Dad had, in the past, shared his harrowing tales of picking me up from school and having to guess at the identity of every vaguely-me person walking in his general direction (okay, he’s about Sean’s height; he’s walking right towards me, Sean would do that; he’s saying ‘Hi Dad’, there’s no one behind me; he’s probably Sean).

I never fully understood/believed these stories until that McDonald’s incident, but to Dad’s credit… I’ve known him my whole life and it took me this long to see the face-blindness rear its ugly head, so that’s pretty impressive coping.

In my defense, I think Sean must have been approaching me from my blind side (because I have some actual-blindness in addition to the face- kind, and I just literally didn’t see him as I brushed by him to accost his half-asian Doppelgänger. But yep, that’s my life, 24/7.

On The Bike Again

…after too long off it.

16 miles, riding in the hills near my house in Sunland on Sunday, took my pulse rate up to 163 beats per minute, almost 98% of my theoretical maximum (which, if you’re not too familiar with typical pulse meter readings, is more or less stunning).

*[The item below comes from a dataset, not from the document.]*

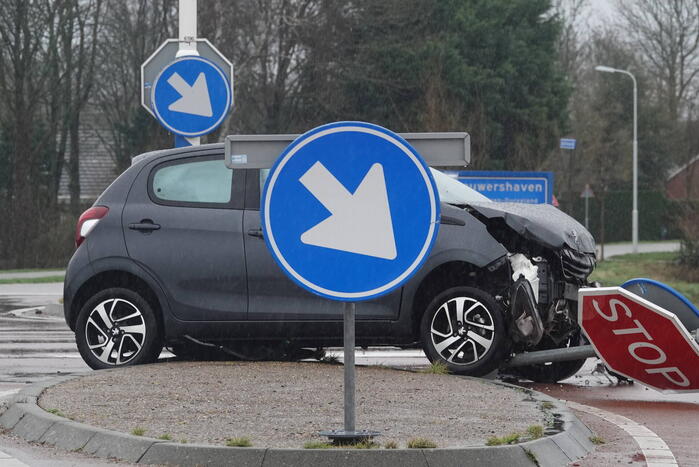 Ongeval tussen twee voertuigen op bekende kruising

My breathing has been stellar the last few days, so I’m guessing that the high pulse rate is due to:
    (a) 13 months off the bike, and
    (b) the recent ALYX blood donation, which takes a double-dose of oxygen-carrying red blood cells. I’ve read complaints from athletes that it makes a noticeable difference, compared to a normal donation.

I’m lucky to have these lovely hills so close that I can literally step out of the house, hop on the bike, and be among them just a few minutes later.

I didn’t have any problem actually climbing the darn hills; the only limiting factor was some lower-back pain, and then last night, some leg cramping, both of which definitely have to do with lack of practice.

On Big Tujunga Canyon road, an evil hill
On Big Tujunga Canyon road, an evil hill.

Next up: a longer ride later this week!

Flowers and Blood

I went to buy some flowers yesterday (having taken Good Friday off), because I have some nice vases at home, and I decided that I liked having some cut flowers around the house.

I picked out a few loose flowers, including one of Sylvia’s favorites, the Stargazer Lily, and had them make up a nice arrangement for about $25:

Good Friday Flowers

…and then while I was at the flower shop, I saw a bloodmobile ad for a blood drive at the church where I go to vote, so I went down there to check if they could fit me in, and they said, “Sure!”, so I made an appointment, took my flowers home and came back and donated.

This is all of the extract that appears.